• What you should do
Below, find the line containing "On your tablet, swipe"; from there to the final line, print every line exactly and skip the pictures.

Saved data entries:
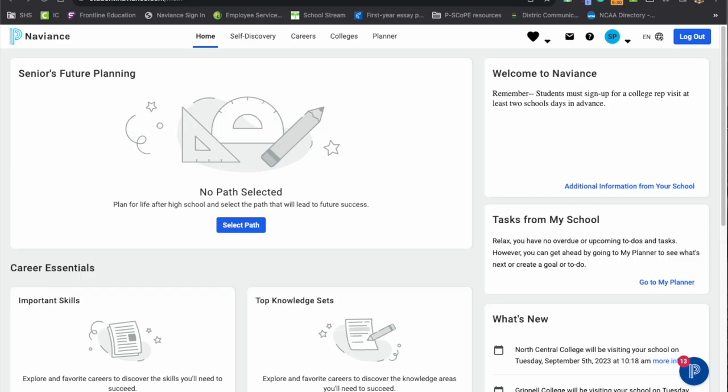Once students log into Naviance, they will see a home page like this. The home page will look a little different depending on the grade level.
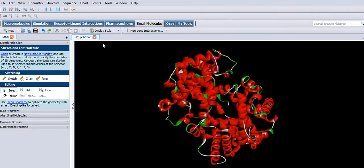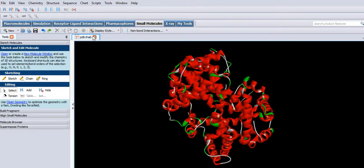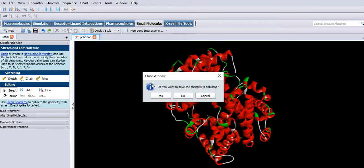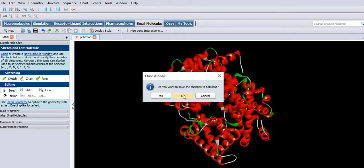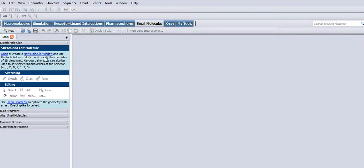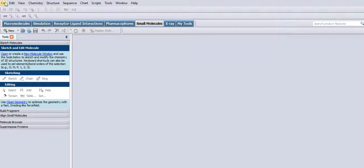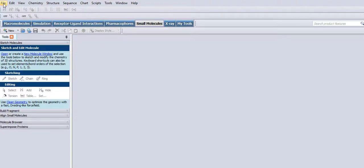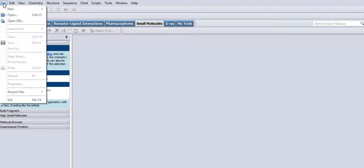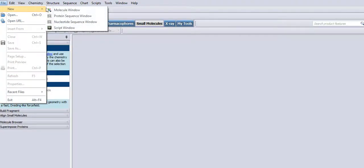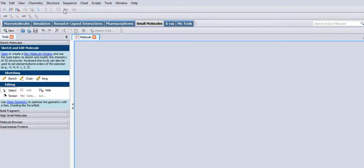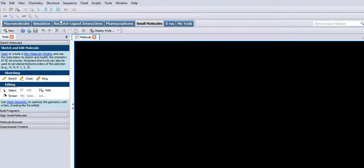So I think the best thing to do is just to construct a small molecule. I'll have a pop at aspirin I think. File, you mark your window, and looking at this section here, sketching, select ring.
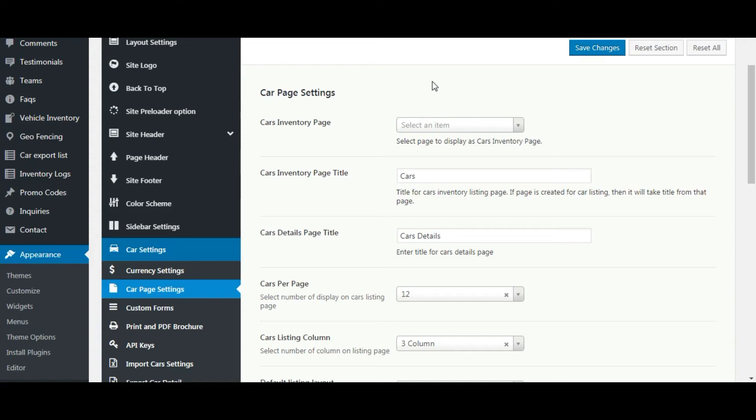Welcome to Car Dealer. Let's see car page settings. Using car page settings you can customize car listing page as well as car detail page.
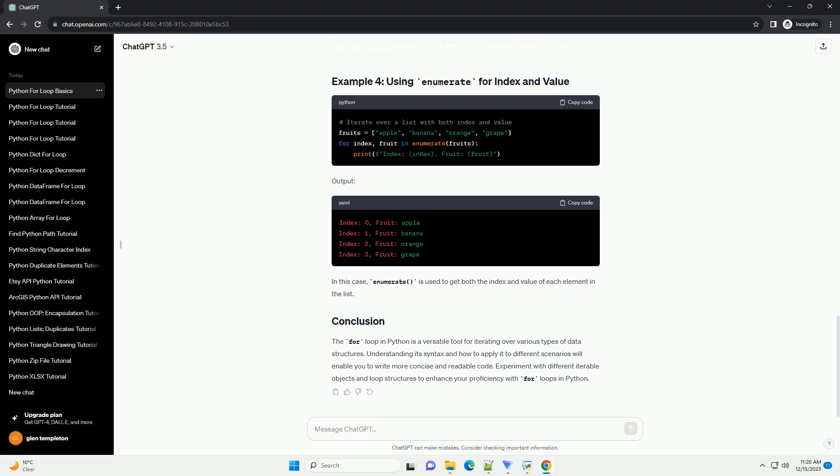The basic syntax of a for loop in Python is as follows. In this example, the for loop iterates over each element in the fruits list, and the variable fruit takes on the value of each element in each iteration.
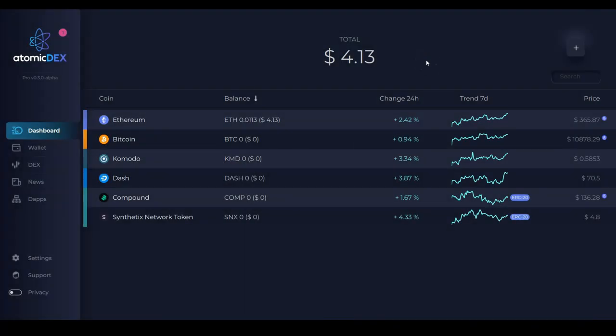In this video we are going to be previewing one of the upcoming features you can expect to see pretty soon on Atomic Dex.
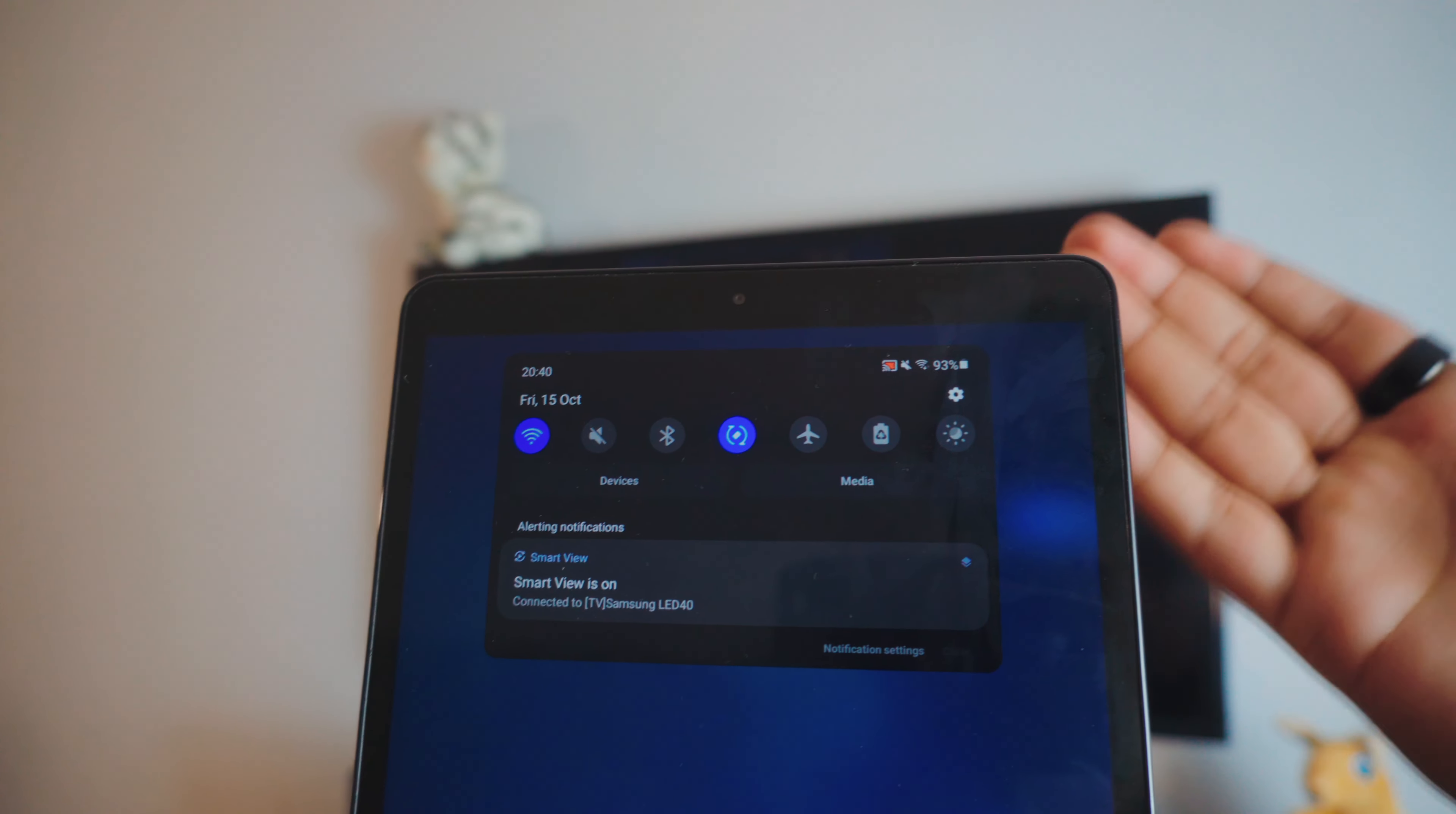On your tablet, swipe down the control center. Just to be on the safe side, make sure your tablet and your TV are connected to the same connection, whether it's your hotspot or Wi-Fi. Once you swipe down the control center, find a tool called Smart View.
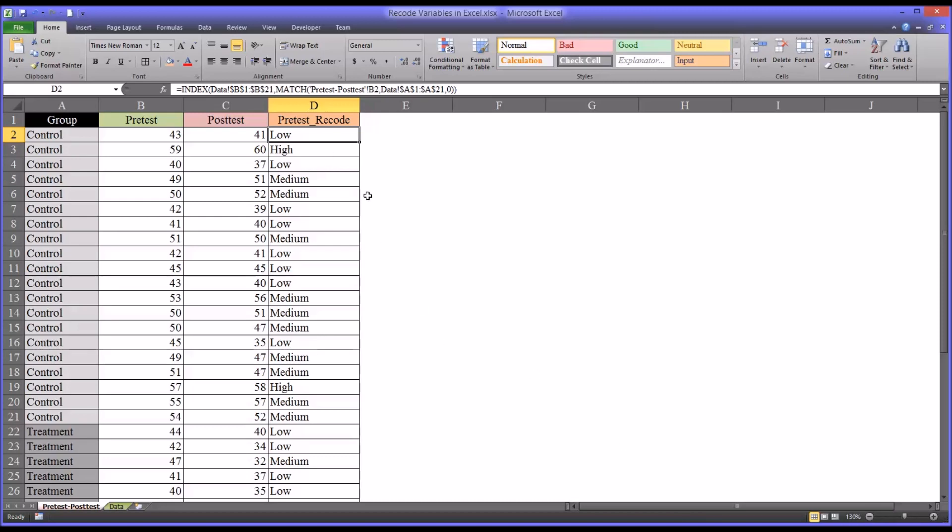And of course, you can take this data and import this directly into SPSS, and I have another video that covers how to do that. I hope you found this video on recoding variables in Excel to be helpful. As always, if you have any questions or concerns, feel free to contact me, and I'll be happy to assist you.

• Result of this exercise
On your tablet, swipe down the control center. Just to be on the safe side, make sure your tablet and your TV are connected to the same connection, whether it's your hotspot or Wi-Fi. Once you swipe down the control center, find a tool called Smart View.
And of course, you can take this data and import this directly into SPSS, and I have another video that covers how to do that. I hope you found this video on recoding variables in Excel to be helpful. As always, if you have any questions or concerns, feel free to contact me, and I'll be happy to assist you.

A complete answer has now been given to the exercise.